Exercise brief
Every line in the data below has to be repeated exactly; no picture belongs in the result.

Collected data entries:
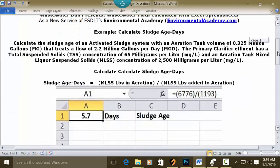Let's go to a blank Excel spreadsheet. Put your cursor in C1 and type 'sludge age in days.' Then put your cursor in A1 and set it up as whole numbers with one decimal equivalent — make it bold and centered.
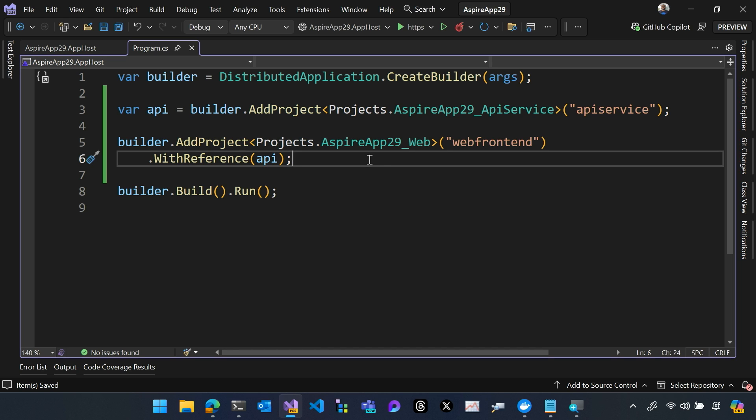Now you notice I don't have any ports or any configuration being passed. .NET Aspire abstracts that notion away from developers and helps you build applications by linking objects via with reference.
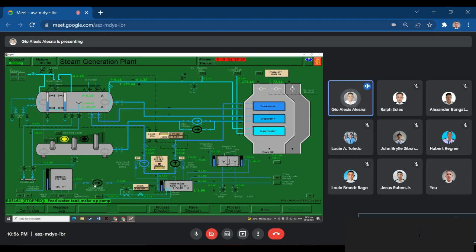We can also open the feedwater makeup pump so that it will supply feedwater to our feedwater tank so that it won't reach below the normal levels. Let's open it. Now it is above 20, so we can proceed with the blowdown.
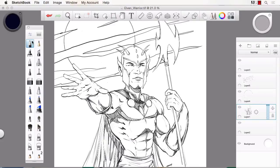So what I'll do is I'll go through all these various tools — most importantly the brushes here, and the erasers, and the paint brushes — the things that you'll use to create artwork like this.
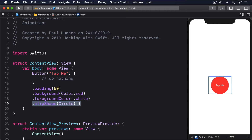When that button is tapped, we're going to make it spin around with a 3D effect. This requires another new modifier, rotation3DEffect, which can be given a rotation amount in degrees as well as an axis that determines how the view rotates. Think of this axis like a skewer through your view. If we skewer the view through the x-axis — horizontally — then it'll be able to spin forwards and backwards. If we skewer the view through the y-axis — vertically — then it'll be able to spin left and right. If we skewer the view through the z-axis, or depth, then it'll be able to rotate left and right.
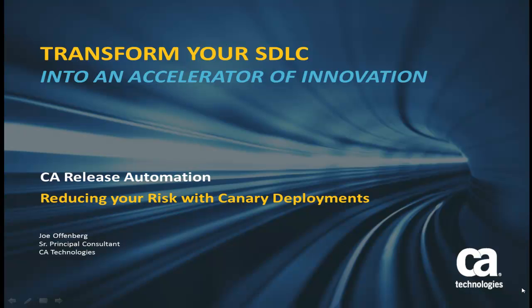Hi, I'm Joe Offenberg, Senior Principal Consultant for Application Delivery with CA Technologies. Today I want to talk to you about Canary Deployments.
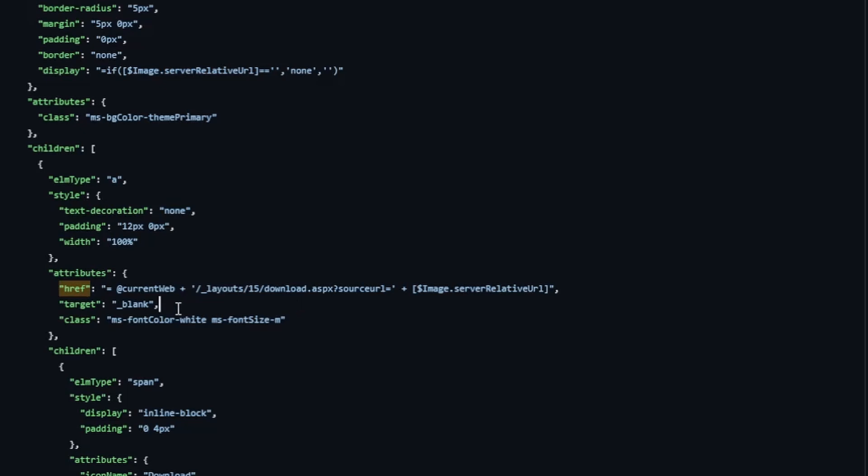We're setting target equal to blank, which will cause a new tab to open up. That is handy so that you don't kick someone out of the SharePoint page that they were just looking at, which, as you know, is quite irritating when you have to go back to the previous page. We're setting some more classes here under the attributes to control the font size and the font color.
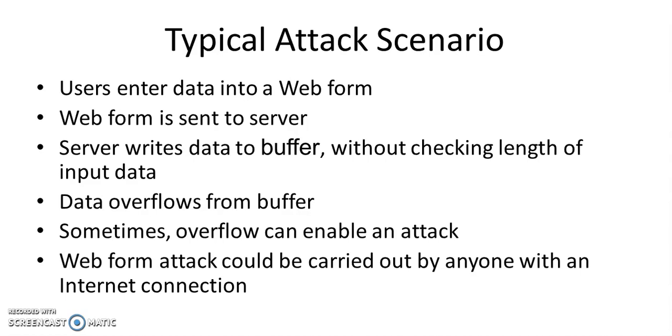So sometimes this overflow can enable an attack. Web form attacks could be carried out by anyone with a simple internet connection.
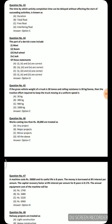Next question: works costing less than 20,000 are treated as — option A: any project, option B: major project, option C: minor project, option D: all of the above. The correct answer is minor project.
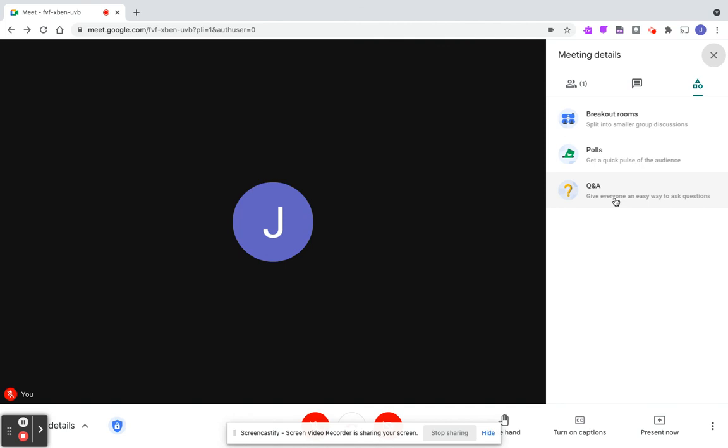If you have any comments or would like to learn more about using Google Meet to facilitate professional development or staff meetings, just let me know. Thanks and stay safe.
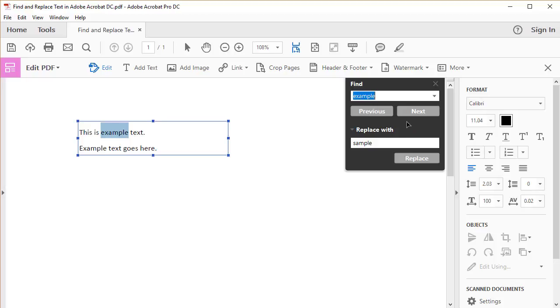Once the word is found, select the Replace button if you want to replace it with the word in the Replace text box. You can edit the word in the Replace text box if necessary.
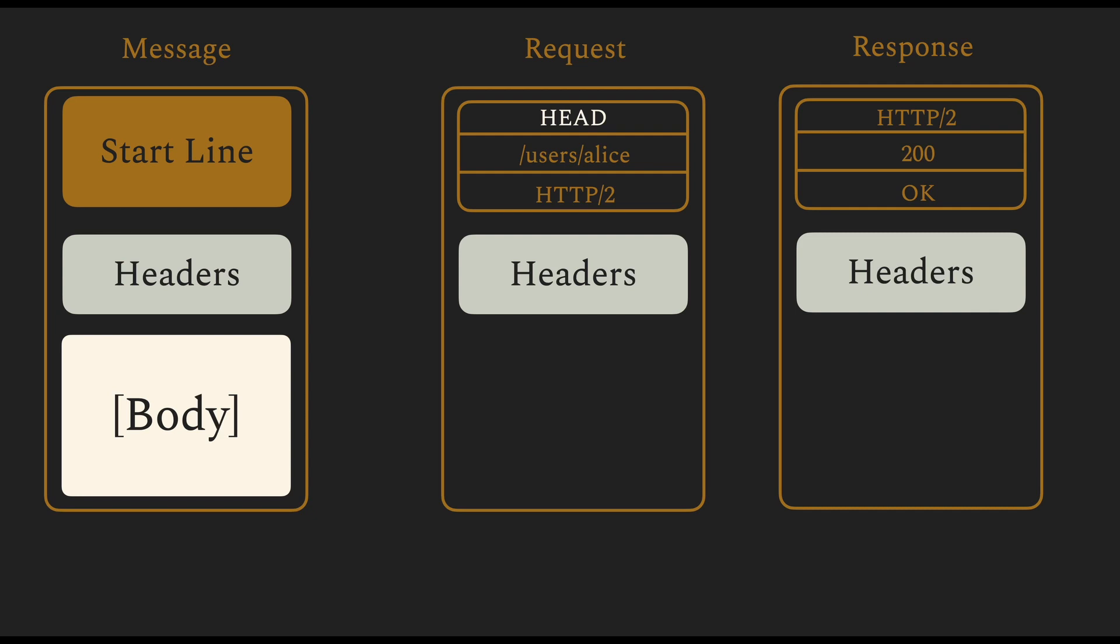So HEAD in this case is short for headers. You're basically requesting only the headers for a particular response.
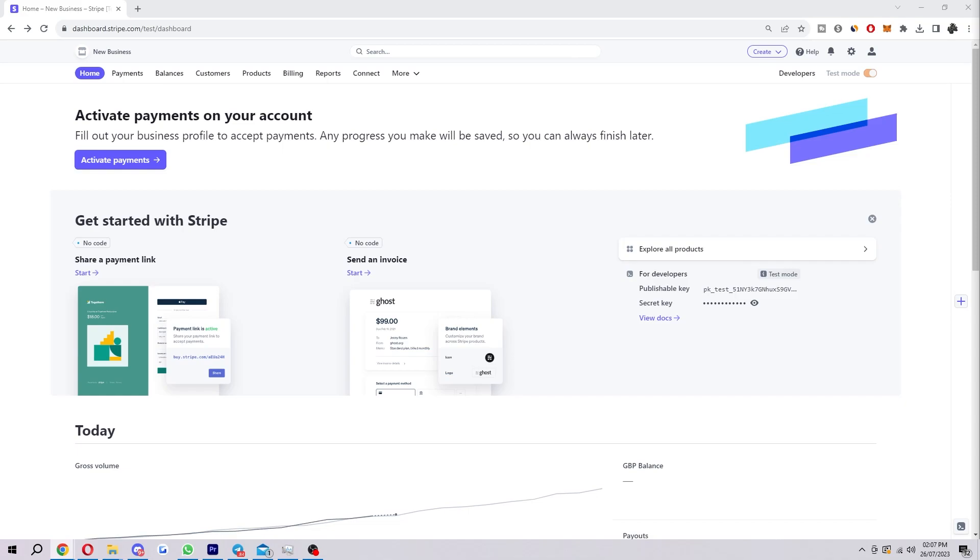Hello and welcome back to another video. Today I'm going to show you the easiest and fastest way in which you can change your bank account on Stripe.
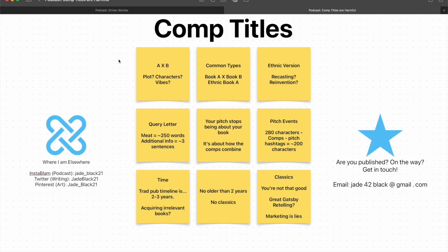Hello everyone and welcome back to the Adventures Elsewhere podcast, or welcome if it's your first time. I am your host, Jade Black, and today I am tackling one of the things that's really been getting my goat since kind of forever, but it's particularly bad with how many pitch contests there have been lately.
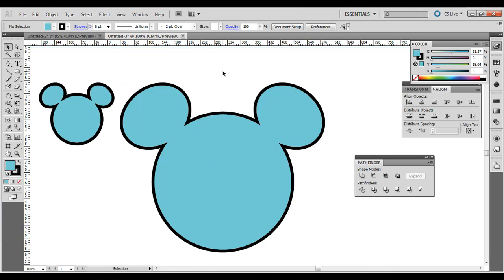But there you go. Short, simple technique, creating a Disney Mouse logo. Thanks.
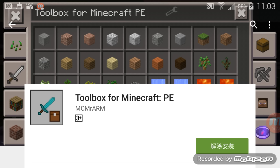Then wait for 30 seconds, but you need to exit the app and then go to the block launcher. That will be the next step I will show you.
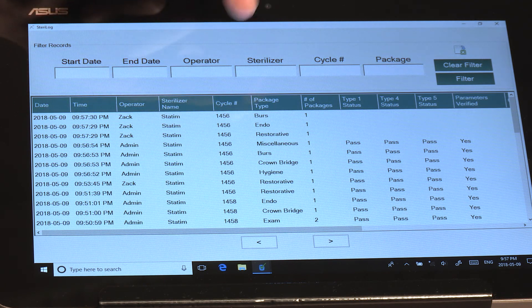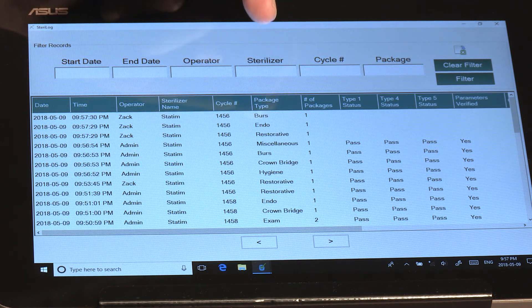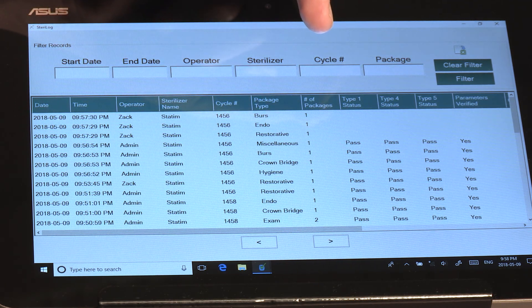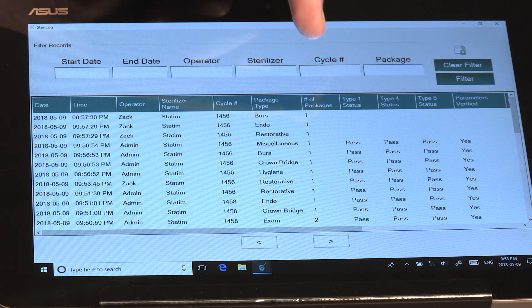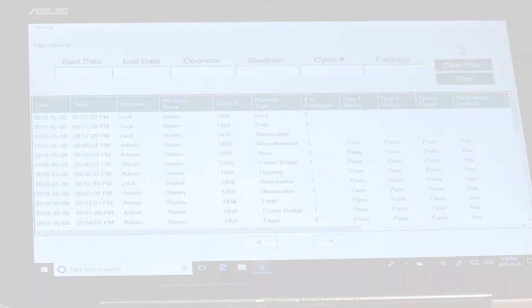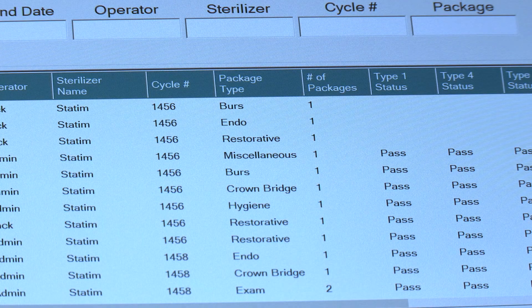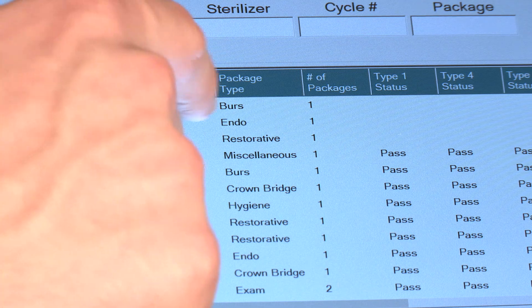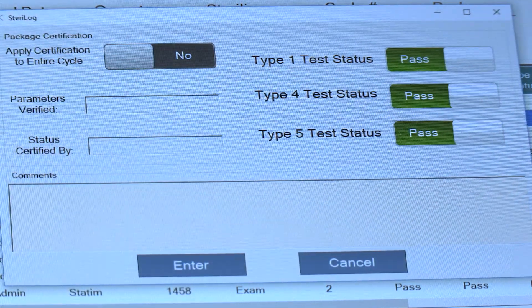the sterilizer, cycle number, package type, as well as the number of packages and your test results which have not been certified yet. So you locate your cycle number and select it for certification.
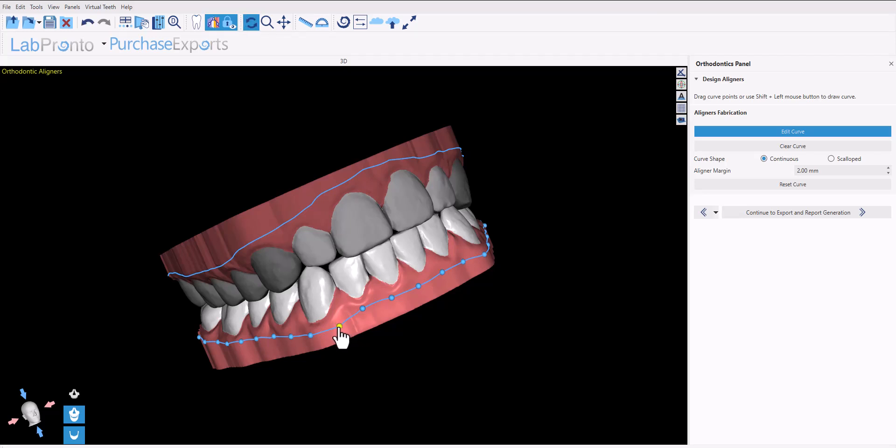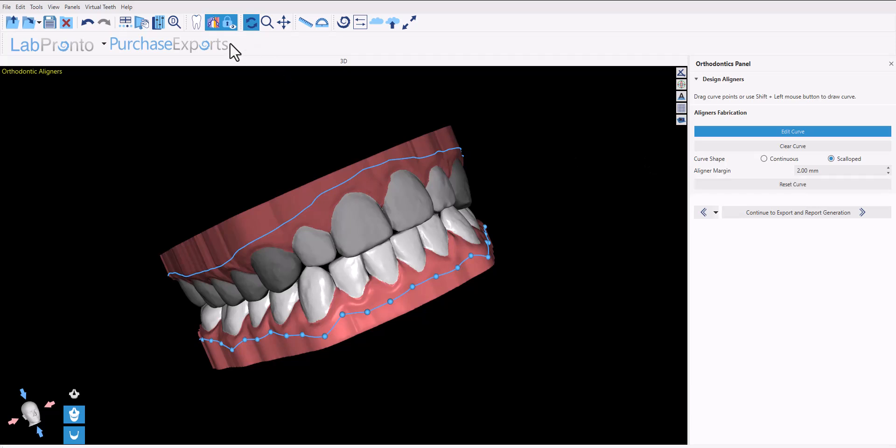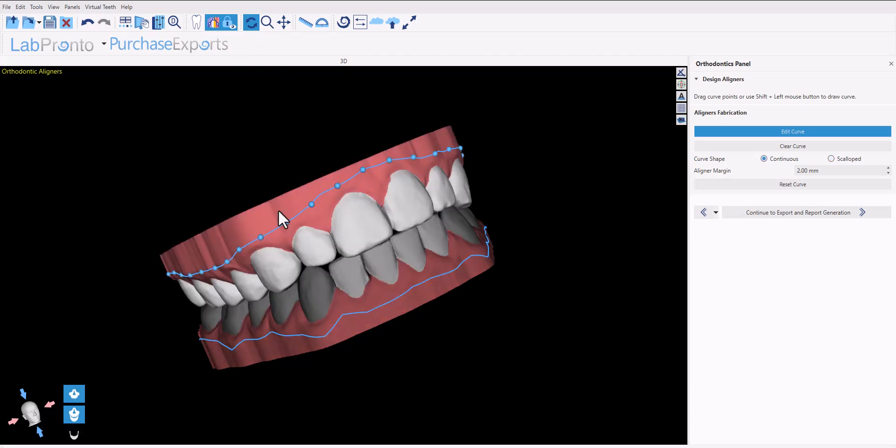If you'd like to switch from continuous to scalloped, simply click the relevant radio button and click 'reset curve'. Go ahead and left click on the opposing arch, scalloped, and reset curve.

Task result
Let's go to a blank Excel spreadsheet. Put your cursor in C1 and type 'sludge age in days.' Then put your cursor in A1 and set it up as whole numbers with one decimal equivalent — make it bold and centered.
Now you notice I don't have any ports or any configuration being passed. .NET Aspire abstracts that notion away from developers and helps you build applications by linking objects via with reference.
We can also open the feedwater makeup pump so that it will supply feedwater to our feedwater tank so that it won't reach below the normal levels. Let's open it. Now it is above 20, so we can proceed with the blowdown.
So what I'll do is I'll go through all these various tools — most importantly the brushes here, and the erasers, and the paint brushes — the things that you'll use to create artwork like this.
When that button is tapped, we're going to make it spin around with a 3D effect. This requires another new modifier, rotation3DEffect, which can be given a rotation amount in degrees as well as an axis that determines how the view rotates. Think of this axis like a skewer through your view. If we skewer the view through the x-axis — horizontally — then it'll be able to spin forwards and backwards. If we skewer the view through the y-axis — vertically — then it'll be able to spin left and right. If we skewer the view through the z-axis, or depth, then it'll be able to rotate left and right.
Hi, I'm Joe Offenberg, Senior Principal Consultant for Application Delivery with CA Technologies. Today I want to talk to you about Canary Deployments.
We're setting target equal to blank, which will cause a new tab to open up. That is handy so that you don't kick someone out of the SharePoint page that they were just looking at, which, as you know, is quite irritating when you have to go back to the previous page. We're setting some more classes here under the attributes to control the font size and the font color.
So sometimes this overflow can enable an attack. Web form attacks could be carried out by anyone with a simple internet connection.
Next question: works costing less than 20,000 are treated as — option A: any project, option B: major project, option C: minor project, option D: all of the above. The correct answer is minor project.
If you have any comments or would like to learn more about using Google Meet to facilitate professional development or staff meetings, just let me know. Thanks and stay safe.
Once the word is found, select the Replace button if you want to replace it with the word in the Replace text box. You can edit the word in the Replace text box if necessary.
So HEAD in this case is short for headers. You're basically requesting only the headers for a particular response.
Hello and welcome back to another video. Today I'm going to show you the easiest and fastest way in which you can change your bank account on Stripe.
Hello everyone and welcome back to the Adventures Elsewhere podcast, or welcome if it's your first time. I am your host, Jade Black, and today I am tackling one of the things that's really been getting my goat since kind of forever, but it's particularly bad with how many pitch contests there have been lately.
But there you go. Short, simple technique, creating a Disney Mouse logo. Thanks.
Then wait for 30 seconds, but you need to exit the app and then go to the block launcher. That will be the next step I will show you.
the sterilizer, cycle number, package type, as well as the number of packages and your test results which have not been certified yet. So you locate your cycle number and select it for certification.
If you'd like to switch from continuous to scalloped, simply click the relevant radio button and click 'reset curve'. Go ahead and left click on the opposing arch, scalloped, and reset curve.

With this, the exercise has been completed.